(WHAT THE TASK ASKS): Return all the lines below in which the string "illustration" appears.

(RECORDS PROVIDED):
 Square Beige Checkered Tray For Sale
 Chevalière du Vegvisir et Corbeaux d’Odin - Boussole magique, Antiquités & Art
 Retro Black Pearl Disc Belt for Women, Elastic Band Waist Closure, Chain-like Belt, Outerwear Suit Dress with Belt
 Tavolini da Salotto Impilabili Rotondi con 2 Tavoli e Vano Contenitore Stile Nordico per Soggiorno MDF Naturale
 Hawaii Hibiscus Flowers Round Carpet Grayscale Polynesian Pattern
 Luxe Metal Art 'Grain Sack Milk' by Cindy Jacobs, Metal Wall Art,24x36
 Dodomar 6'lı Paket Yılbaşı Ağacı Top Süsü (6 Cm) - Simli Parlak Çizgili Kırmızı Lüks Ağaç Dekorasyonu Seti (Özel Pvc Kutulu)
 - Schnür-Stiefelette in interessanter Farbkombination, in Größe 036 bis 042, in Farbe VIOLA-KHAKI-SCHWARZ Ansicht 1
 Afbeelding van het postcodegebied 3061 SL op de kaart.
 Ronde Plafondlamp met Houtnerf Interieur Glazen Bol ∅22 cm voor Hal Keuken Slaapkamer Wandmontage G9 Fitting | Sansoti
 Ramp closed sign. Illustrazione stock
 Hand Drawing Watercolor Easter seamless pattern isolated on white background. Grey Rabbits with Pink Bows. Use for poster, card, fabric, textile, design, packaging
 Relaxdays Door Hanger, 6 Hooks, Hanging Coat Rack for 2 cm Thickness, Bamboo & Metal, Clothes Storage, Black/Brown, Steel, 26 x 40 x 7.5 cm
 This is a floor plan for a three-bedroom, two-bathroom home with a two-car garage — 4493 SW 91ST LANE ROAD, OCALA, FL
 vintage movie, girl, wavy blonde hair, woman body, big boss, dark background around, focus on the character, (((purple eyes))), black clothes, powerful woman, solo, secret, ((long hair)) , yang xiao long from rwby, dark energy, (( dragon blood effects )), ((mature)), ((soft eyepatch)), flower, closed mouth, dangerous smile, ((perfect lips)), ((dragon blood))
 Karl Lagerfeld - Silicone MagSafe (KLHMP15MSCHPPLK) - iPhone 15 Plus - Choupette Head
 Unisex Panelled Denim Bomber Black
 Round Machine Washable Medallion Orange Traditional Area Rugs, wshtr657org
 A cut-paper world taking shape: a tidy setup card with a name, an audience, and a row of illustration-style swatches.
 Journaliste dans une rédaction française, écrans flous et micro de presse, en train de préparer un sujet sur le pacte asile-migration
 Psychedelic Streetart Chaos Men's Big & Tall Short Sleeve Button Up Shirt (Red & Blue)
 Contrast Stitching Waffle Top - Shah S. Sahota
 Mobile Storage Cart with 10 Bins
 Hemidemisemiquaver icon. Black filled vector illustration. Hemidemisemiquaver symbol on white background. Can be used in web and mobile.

(ANSWER FOR THE TASK):
 A cut-paper world taking shape: a tidy setup card with a name, an audience, and a row of illustration-style swatches.
 Hemidemisemiquaver icon. Black filled vector illustration. Hemidemisemiquaver symbol on white background. Can be used in web and mobile.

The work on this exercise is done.